Where a picture appears, leave it out, and transcribe all the lines below exactly.
--- Extracted entries Enclosed Below ---
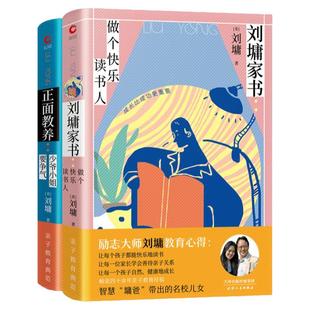 现货】刘墉家书两本套:少爷小姐要争气+做个快乐读书人 影响孩子成长的指南 父母与孩子沟通指南 当代家庭教育指南 青少年励志读物
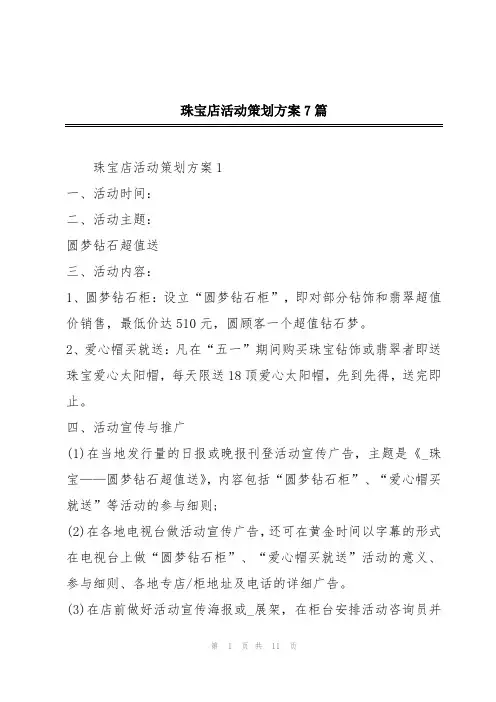 珠宝店活动策划方案7篇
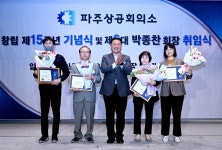 소통현장 (상세) : HOME > 사진 > 소통현장 파주뉴스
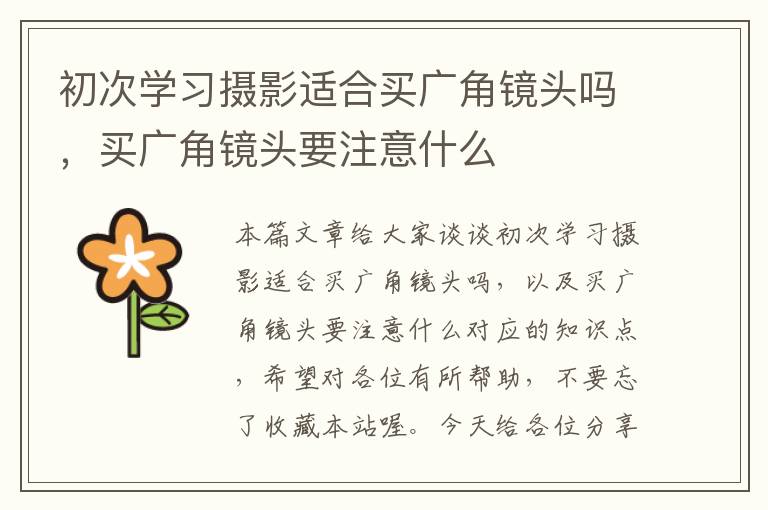 初次学习摄影适合买广角镜头吗，买广角镜头要注意什么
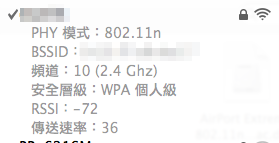 [問題]請問C2D 2.16 MB的AirPort問題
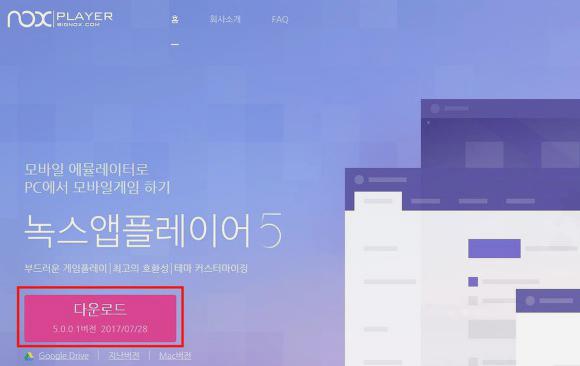 녹스 앱플레이어 다운로드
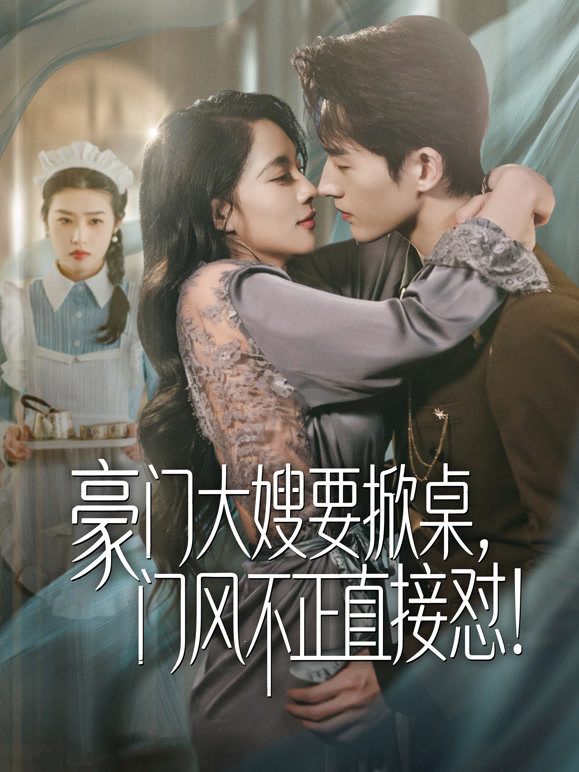 豪门大嫂要掀桌，门风不正直接怼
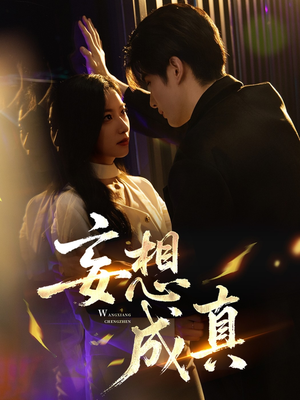 妄想成真(78集) 妄想成真(78集)短剧在线看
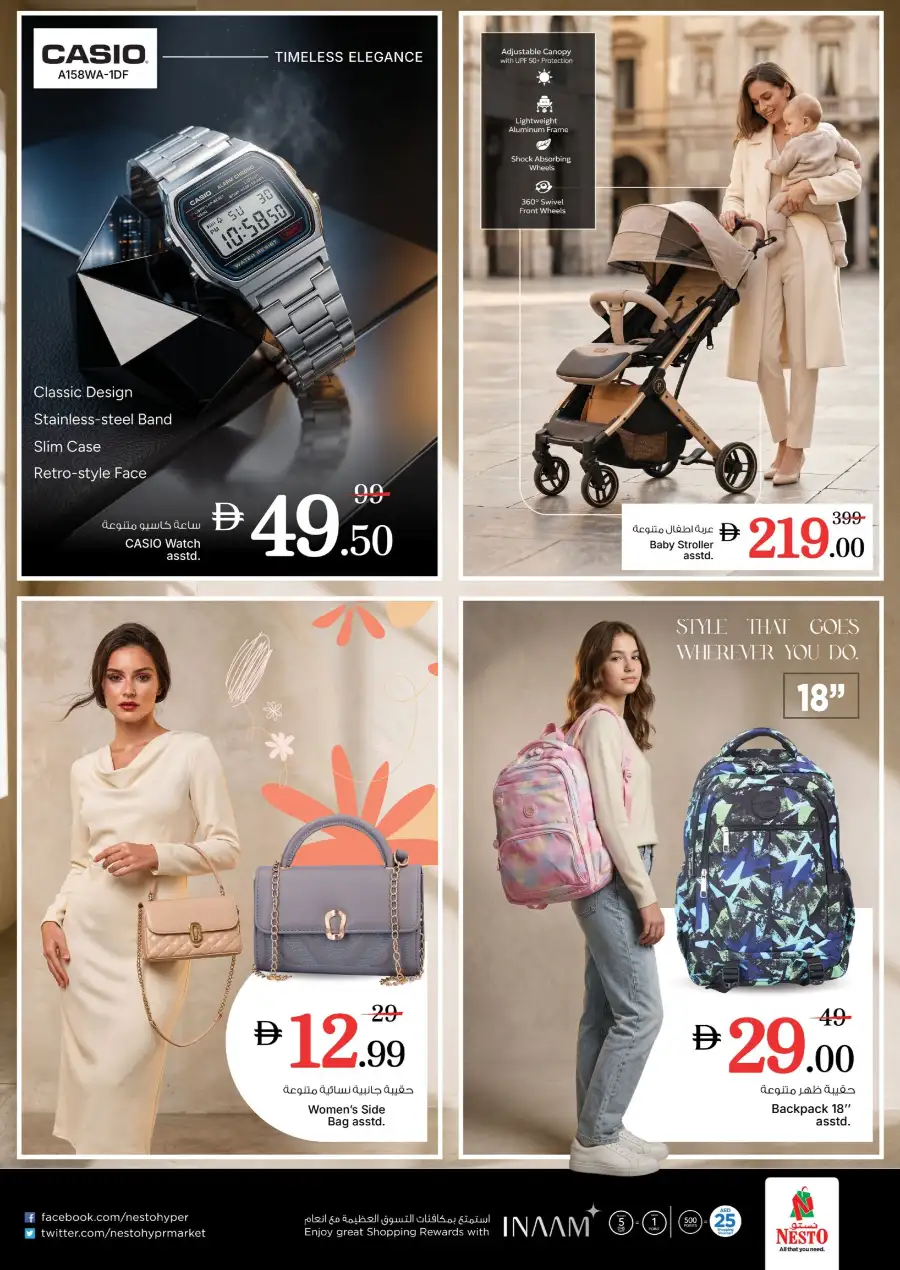 Nesto Hypermarket Gigantic Day Offers | May 18 - 20 page 11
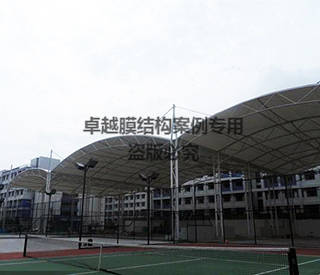 廣東省中山市職業技術學院體育場網球場膜結構頂棚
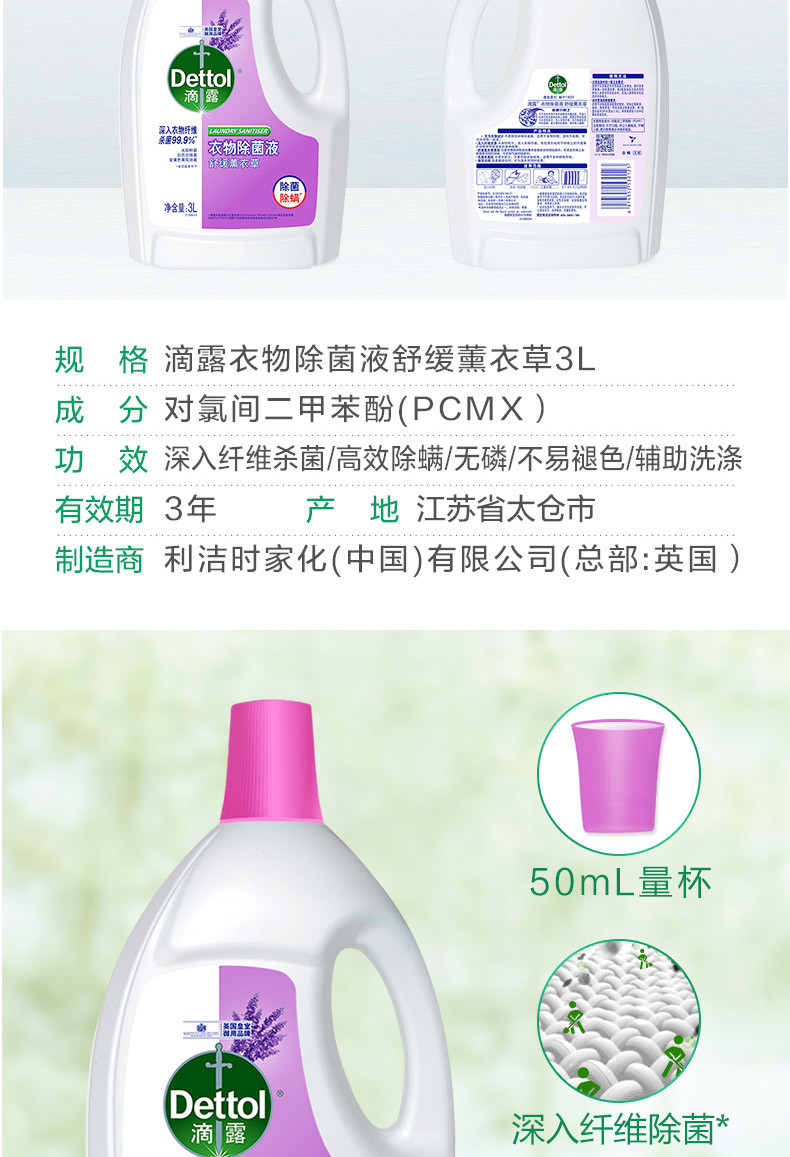 滴露/Dettol 衣物除菌液薰衣草3L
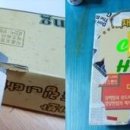 피자박스 이미지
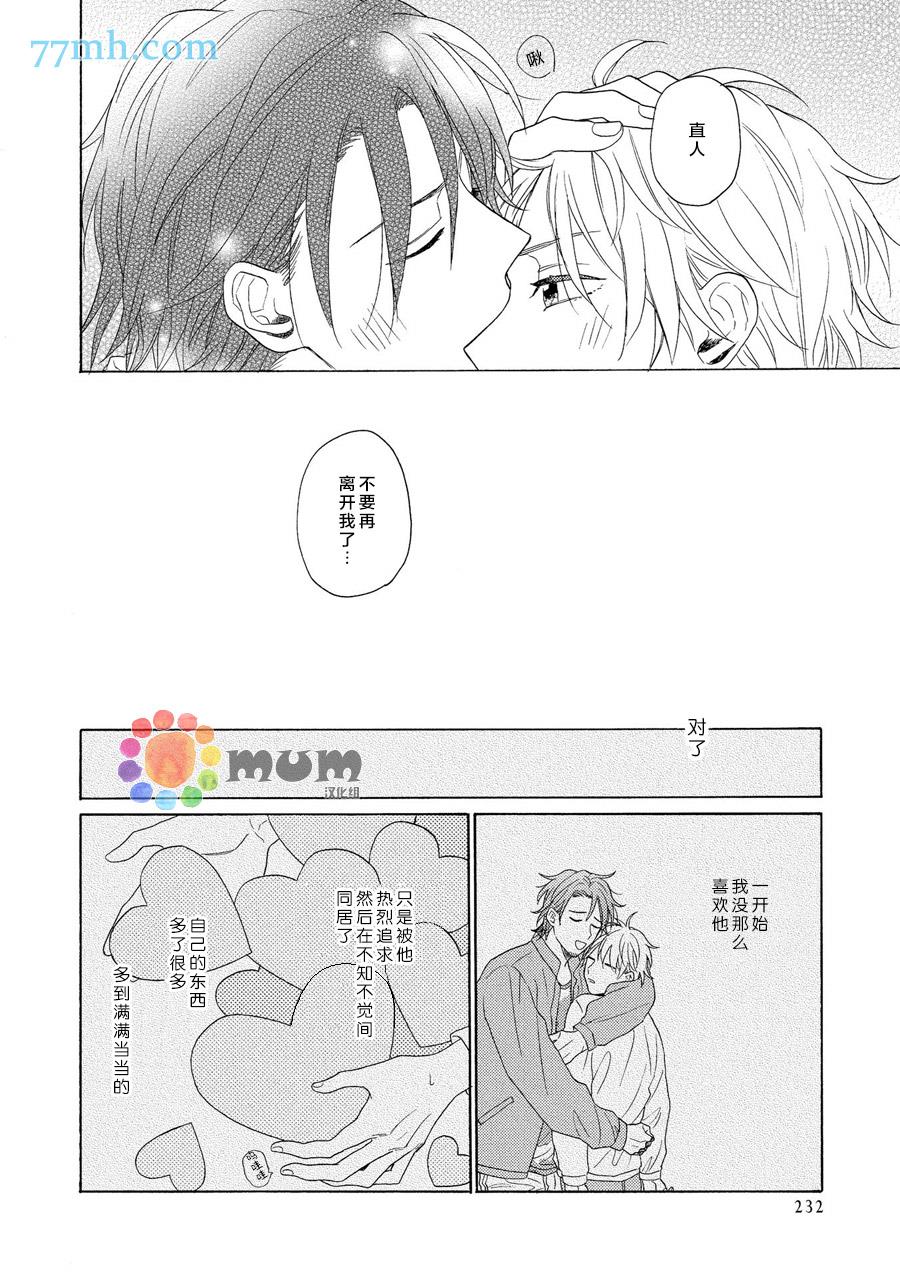 深夜3点离家[耽美]韩漫全集-第1话无删减无遮挡章节图片 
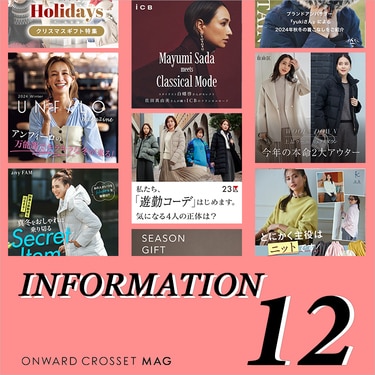 【INFORMATION】December.2024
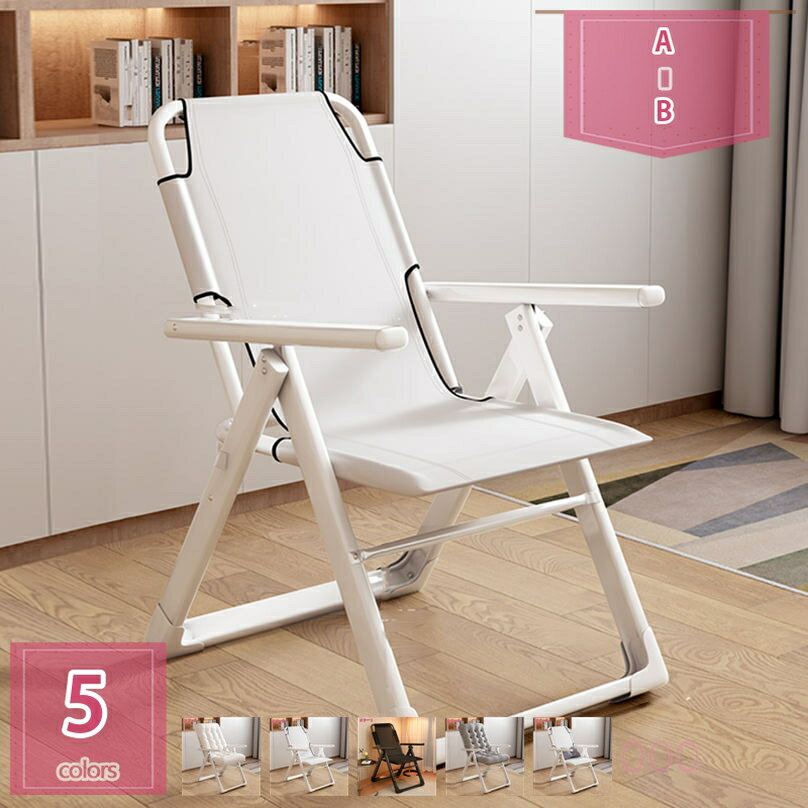 リクライニングチェア 北欧 おしゃれゆったり リラックスチェア 1人掛け 角度調節 柔らかく 簡単に組立 高耐荷重 水や汚れに強い ベランダ 客間 寝室 簡単装着 家庭用 持ち運び便利 在宅勤務 省スペース 収納便利 読書用椅子 holosbird-goods1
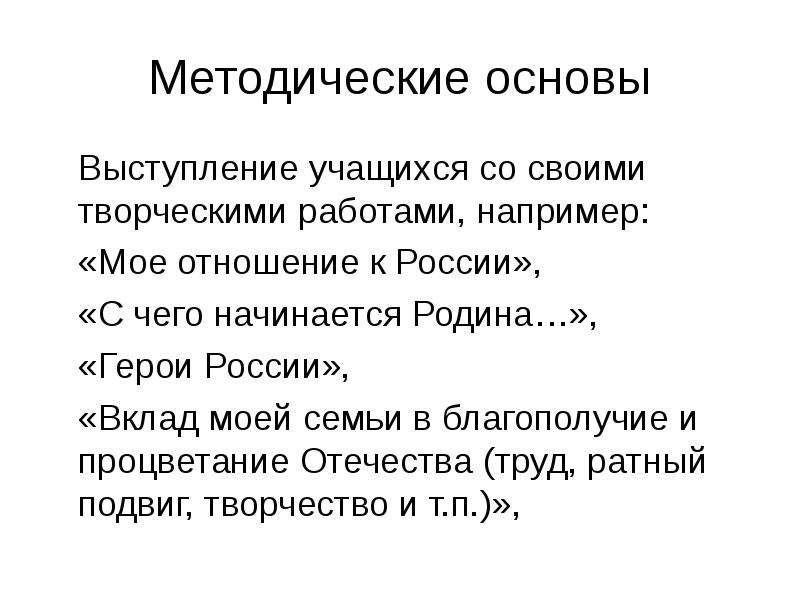 Проект на тему вклад моей семьи в благополучие и процветание отечества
--- End of Enclosed Extracted entries ---
Task response
 现货】刘墉家书两本套:少爷小姐要争气+做个快乐读书人 影响孩子成长的指南 父母与孩子沟通指南 当代家庭教育指南 青少年励志读物
 珠宝店活动策划方案7篇
 소통현장 (상세) : HOME > 사진 > 소통현장 파주뉴스
 初次学习摄影适合买广角镜头吗，买广角镜头要注意什么
 [問題]請問C2D 2.16 MB的AirPort問題
 녹스 앱플레이어 다운로드
 豪门大嫂要掀桌，门风不正直接怼
 妄想成真(78集) 妄想成真(78集)短剧在线看
 Nesto Hypermarket Gigantic Day Offers | May 18 - 20 page 11
 廣東省中山市職業技術學院體育場網球場膜結構頂棚
 滴露/Dettol 衣物除菌液薰衣草3L
 피자박스 이미지
 深夜3点离家[耽美]韩漫全集-第1话无删减无遮挡章节图片 
 【INFORMATION】December.2024
 リクライニングチェア 北欧 おしゃれゆったり リラックスチェア 1人掛け 角度調節 柔らかく 簡単に組立 高耐荷重 水や汚れに強い ベランダ 客間 寝室 簡単装着 家庭用 持ち運び便利 在宅勤務 省スペース 収納便利 読書用椅子 holosbird-goods1
 Проект на тему вклад моей семьи в благополучие и процветание отечества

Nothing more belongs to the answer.